_Captioned web images_:

* * * *

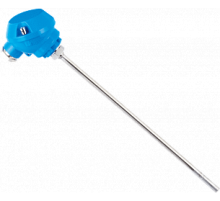 Датчик температуры SICK TBT-1PBS41006GZ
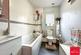 Additional image 7 of Rixtonleys Drive, Irlam, M44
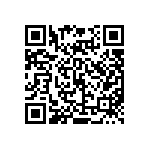 SAF7730HV-N336D-55 QRCode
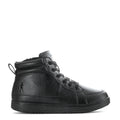Buffy Mid II Slip Resistant - Womens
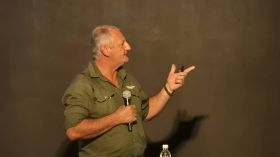 580023863_1428783432582792_1502724049421085317_n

* * * *

_What to work on_:
Begin at the line containing "SAF7730HV-N336D-55 QRCode" and copy every line through the end of the data above exactly, omitting the pictures.

_Response area_:
 SAF7730HV-N336D-55 QRCode
Buffy Mid II Slip Resistant - Womens
 580023863_1428783432582792_1502724049421085317_n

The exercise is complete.